El milano negro decora su nido para mostrar su fuerza

.

Foto: CSIC

Foto: CSIC

A falta del lenguaje verbal, la mayoría de los animales buscan otras formas de comunicación a través del lenguaje corporal y sonoro. Una investigación pionera del Consejo Superior de Investigaciones Científicas (CSIC) demuestra que el milano negro (Milvus migrans) utiliza desechos plásticos para advertir a otras aves sobre sus capacidades de lucha, la calidad de su territorio y su propensión al conflicto físico a modo se señal de prohibido el paso.

De esta forma, los propietarios evitan la intrusión de otros milanos más jóvenes, que buscan robar comida o apropiarse de la zona. El trabajo, que publicado en la revista Science, es el primero en constatar el uso de señales externas al cuerpo de un animal en un contexto no sexual.

La investigación se ha llevado a cabo mediante el seguimiento de esta especie en más de 150 de sus nidos localizados en el Parque Nacional de Doñana (Huelva). Los resultados demuestran que un mayor uso de decoración está relacionado con la mayor calidad del ejemplar propietario del nido.

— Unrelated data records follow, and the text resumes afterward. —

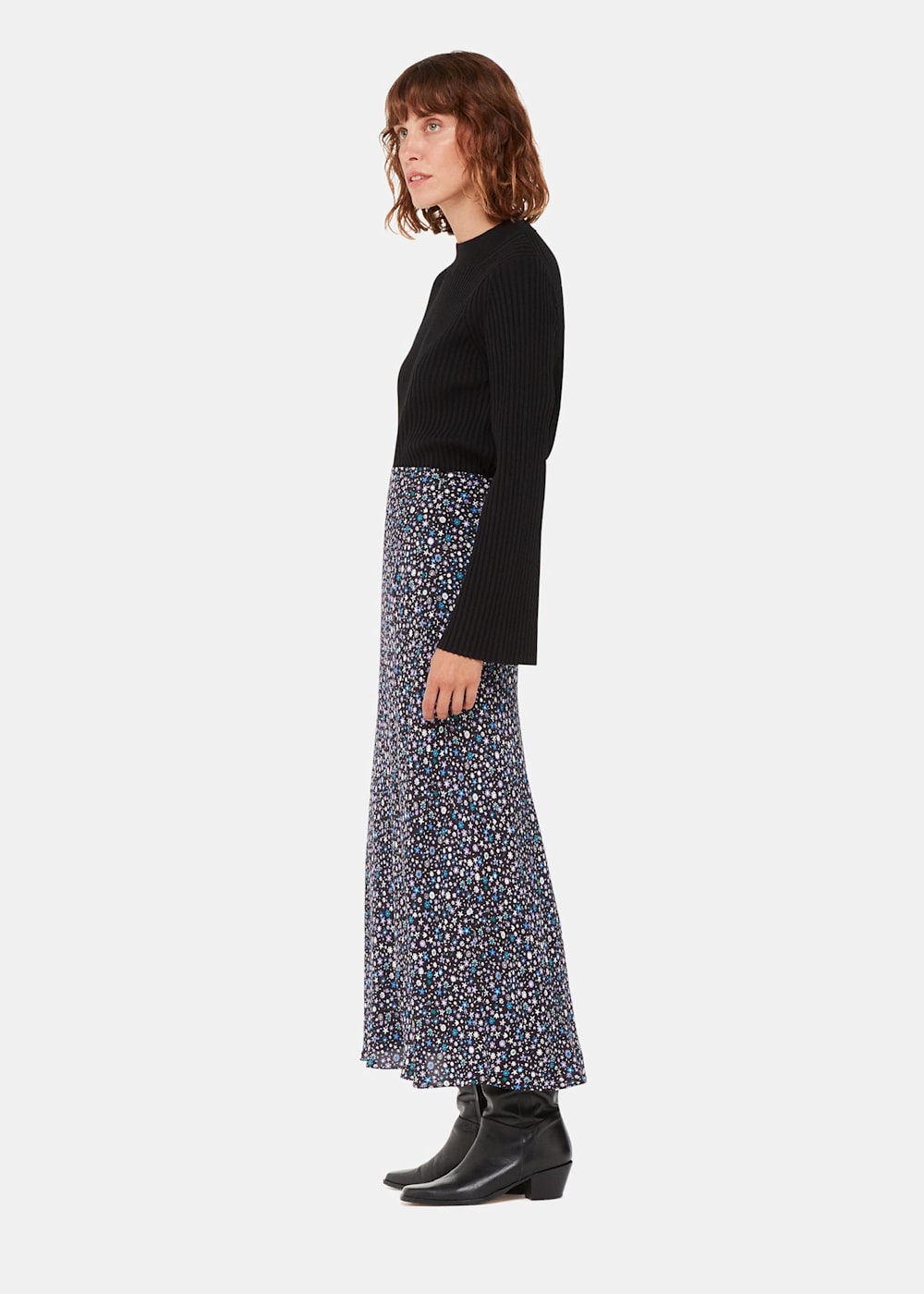 Polka dot bias cut skirt shop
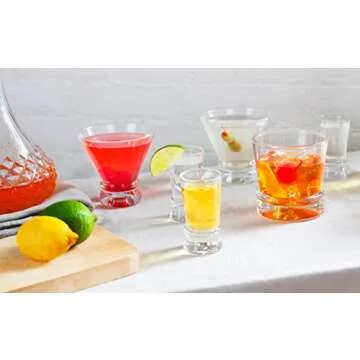 JoyJolt Afina 4-Piece Cocktail Glasses Set, 8-Ounce Martini Glasses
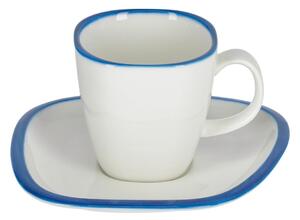 Tazza con piattino Odalin in porcellana bianca e blu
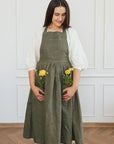 Retro Linen Apron with Adjustable Straps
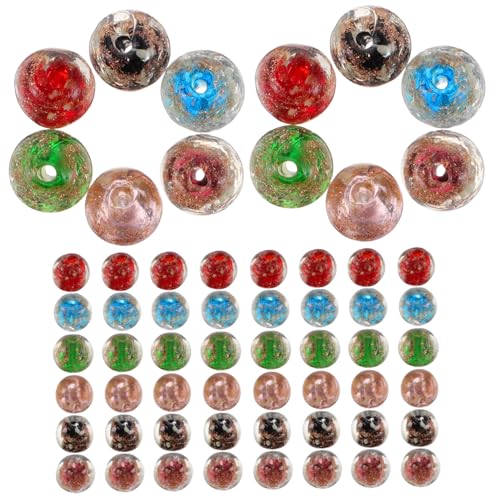 AKOOSY 60 Stück Leuchtende Glasperlen zum Auffädeln für Schmuckherstellung DIY Bastelperlen in Lila Schwarz Blau Rot Grün Glatte Oberfläche für Armbänder und Halsketten von AKOOSY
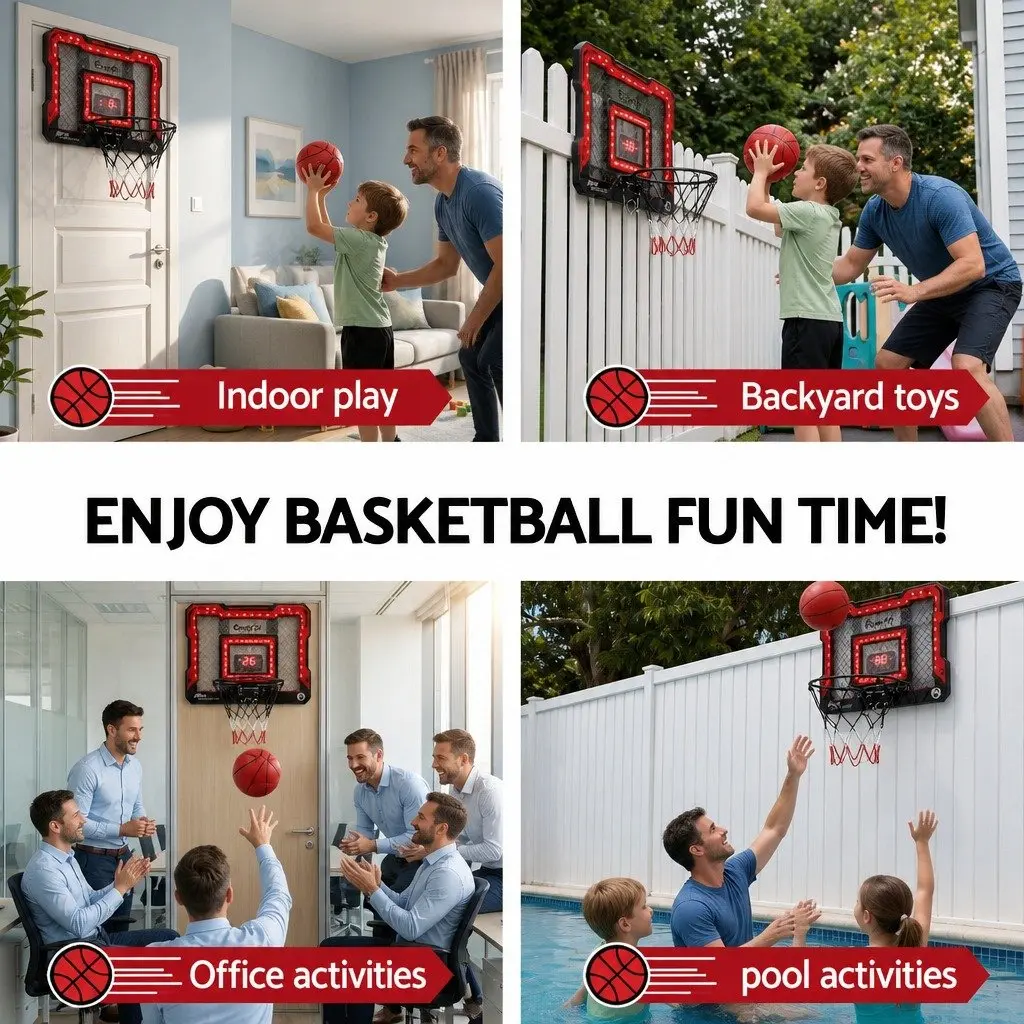 Mini Basketball Hoop Indoor Shatterproof Backboard 40x30cm Red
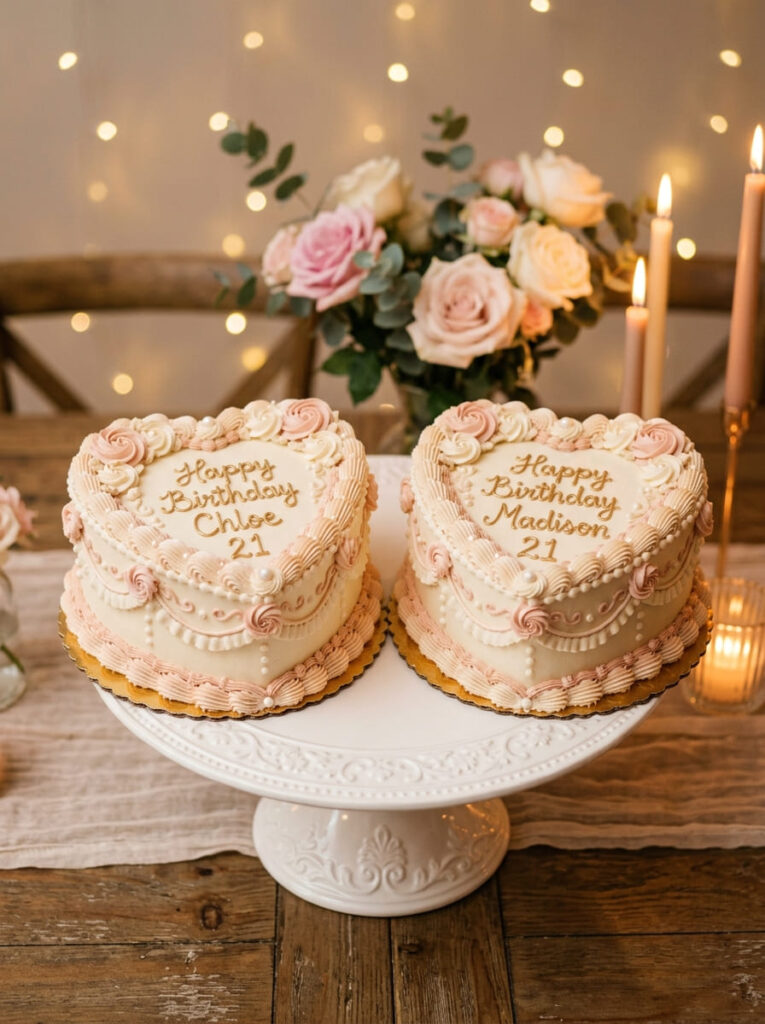 Twin heart-shaped birthday cakes with romantic elegant design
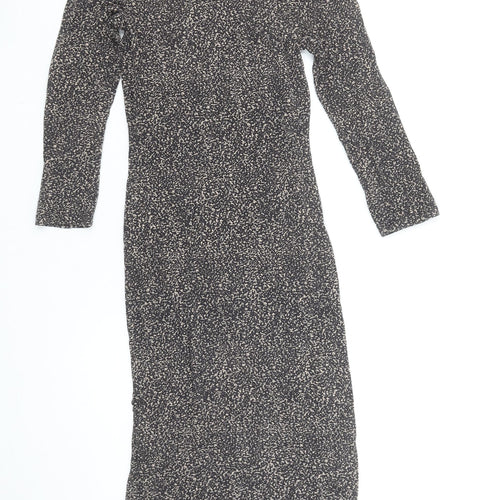 Oasis Women’s Black Geometric Bodycon Midi Dress XS Long Sleeve Viscose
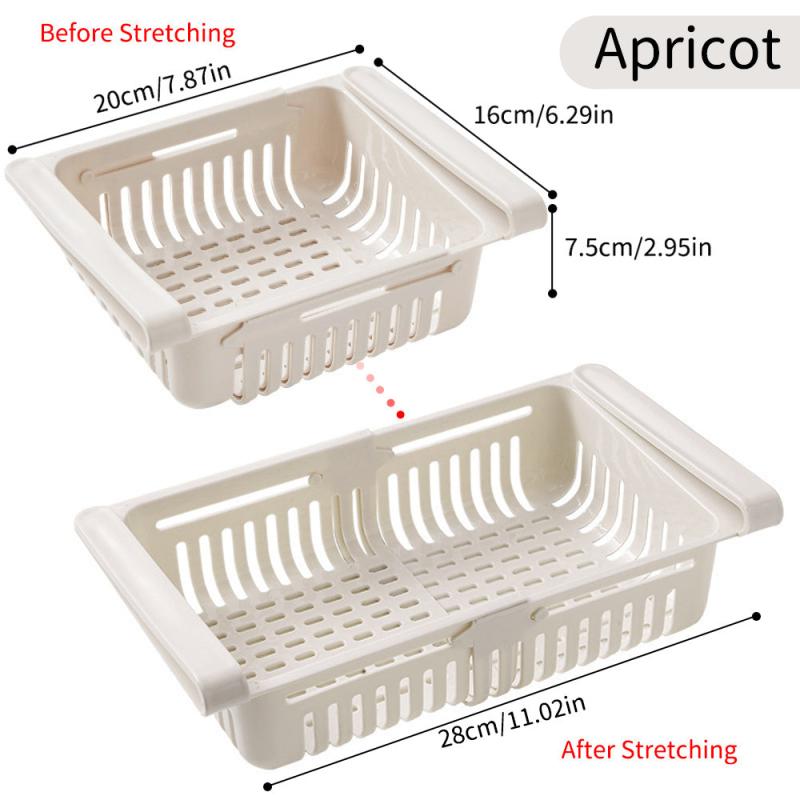 Retractable Fridge Organizer with Divider Shelf and Egg Basket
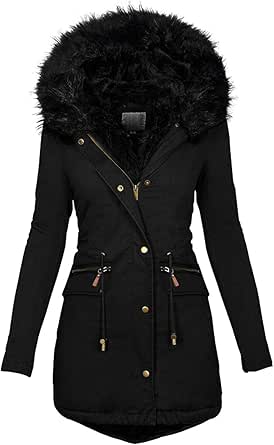 Manteau Femme Hiver Long – Parka épais Avec Capuche, Coupe-vent, Doublure Douce, Pour Automne Et Hiver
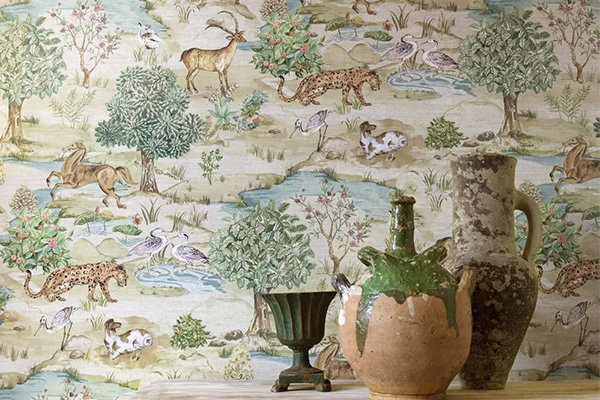 Bandipur Wallpaper - Green - by Sidney Paul & Co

El uso de los residuos decorativos asciende desde el nacimiento del ave hasta alcanzar este máximo, a partir del cual comienza a disminuir paulatinamente. Las aves que más desechos utilizan se encuentran entre los 10 años y los 12 años, con un nivel de decoración del 50%. En esta franja de edad, el milano negro “alcanza su máximo éxito reproductor” y su mayor capacidad de defensa frente a ataques, explica uno de los responsables de la investigación, el biólogo del CSIC Julio Blas.

Foto: CSIC

Foto: CSIC

Este comportamiento podría compararse con “los códigos de color usados en los cinturones en artes marciales”, que también varían en función de las capacidades del individuo, afirma Blas. “El portador de un cinturón blanco no intentaría enfrentarse a uno negro, ambos se benefician del uso de estos códigos ya que el buen luchador no pierde su tiempo y el inexperto no sufre lesiones”, añade. Los investigadores han comprobado que los nidos más decorados sufren menos ataques invasivos, lo que confirma que el significado prohibitivo de la señal es aceptado por toda la comunidad.

.

Un examen de nivel

Para demostrar que el milano decora su nido en función de sus habilidades para luchar y no de la disponibilidad del material, el equipo aumentó la decoración de un conjunto de nidos de forma artificial. Los ejemplares más cercanos a su plenitud física mantuvieron la decoración, mientras que los de mayor y menor edad se deshicieron de ella.

Foto: CSIC

Foto: CSIC

Además, el nivel de ataques que sufrieron los individuos que no rechazaron los residuos se duplicó. Según Blas, este fenómeno se debe a que el resto de la comunidad comprueba la capacidad física del individuo cuando este cambia su señal. Así, “evitan que un milano débil se aproveche de esta señalización y se haga pasar por un ejemplar fuerte, ya que el coste fisiológico de hacer uso de decoración en el nido es muy bajo”, aclara. Por ello, los ejemplares de mayor y menor edad no se arriesgan a pasar por esa prueba, por lo que rechazan la decoración.

La distribución de material también ha servido para constatar que esta especie siente predilección por los desechos plásticos de color blanco, que fueron seleccionados en el 90% de las ocasiones. El biólogo sugiere que esta preferencia se debe a “la mayor durabilidad del plástico y a la gran visibilidad del blanco”, que permite ser detectado desde muy lejos y facilita la resolución de conflictos desde la distancia.